Monday, May. 01, 1944

"Those Brass-Button Queens"

MARINES

The fighting ability of the U.S. Marines is never questioned. But sometimes soldiers and sailors are irked by the signs of conscious superiority inherent in every Marine. In Gismo (meaning "gadget"), a publication for all servicemen in the South Pacific, this pent-up irritation was let out in doggerel "believed to be by a sailor":

The Marines, the Marines, those blasted Gyrenes*

Those seagoing bellhops, those brass-button queens.

Oh! They pat their own backs, write stories in reams,

All in praise of themselves--the U.S. Marines!

The Marines, the Marines, those publicity fiends,

They built all the forests, turned on all the streams,

Discontent with the earth, they say Heaven's scenes

Are guarded by--you guess! Right! U.S. Marines!

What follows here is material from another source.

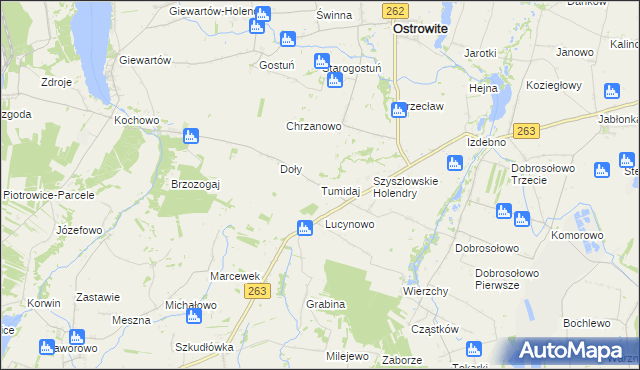 mapa Tumidaj gmina Ostrowite, Tumidaj gmina Ostrowite na mapie Targeo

The moon never beams, except when the Marines

Give it permission to turn on its gleams.

And the tide never rises, the wind never screams--

Unless authorized by the U.S. Marines.

The Marines, the Marines, in their khakies and greens,

Their pretty blue panties, red stripes down their seams.

They thought all the thoughts, dreamed

in their dreams,

Singing, "The Song of Myself--the U.S. Marines.

* "Gyrene" is Marine's own word for Marine."